I decided to take another short break from my regular boxing-themed blogs and share a little from what I've been digging in lately. A few months ago I was listening to a radio program called "Great Christians and how they changed the world" and the person they were talking about was Edwin "Buzz" Aldrin, the 2nd human to walk on the moon. I've been absolutely fascinated by NASA and the space program since I was a little kid, but this radio program shared a new element to this historic moon landing I had never heard before. I learned that night that the first act on the moon wasn't stepping out with Neil's famous "One small step for man..." quote, but rather a quiet celebration of communion by Buzz Aldrin. Imagine that, this amazing accomplishment of mankind, quite a giant leap indeed, but the very first action is something done in remembrance of Christ. Here's the video on it:
It was done off the record due to the pressure NASA was facing from lawsuits by atheistic organizations at the time. Nevertheless, Aldrin's convictions prevailed and God was glorified by the first 2 humans to set foot on another celestial object. Madalyn Murray O'Hair was relentlessly attacking NASA for their broadcast of another historic moment on a previous Apollo mission where God was given the glory.
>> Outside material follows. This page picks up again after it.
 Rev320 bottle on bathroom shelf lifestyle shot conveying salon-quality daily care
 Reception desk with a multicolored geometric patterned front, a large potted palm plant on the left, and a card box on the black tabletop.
Apollo 8 was the first manned mission to reach the moon, and the astronaut's actions on that mission are what gave Murray her perfect excuse to file the lawsuit. Though they didn't land, they were the first humans to have been so far away from home, see the far side of the moon in person, and see what's now known as an earth-rise, which is what they observed each time the command module completed its pass around the far side. This was something I have known about longer than the Buzz Aldrin communion, but every time I hear about it I'm brought to tears. It was Christmas Eve when astronauts Frank Borman, Jim Lovell and Bill Anders give the world a message I won't soon forget. Here's the video taken from a short documentary on Apollo 8:
All three men took turns reading from Genesis 1 as they gazed upon the Earth that God created. It was that Christmas Eve in 1968 when people were first able to worship our Lord and Savior in a way no other human has ever been able to, nor has been able to since. I'm well aware of the fact that I spend an awful lot of time talking about how mankind's depravity is pretty severe. It's true that man's sin is generally limited only by what they're capable of accomplishing. I'll talk more about that in a future post, but today I want to show you that at the same time Christian's ability to glorify God is and should be equally limited by what we're capable of accomplishing.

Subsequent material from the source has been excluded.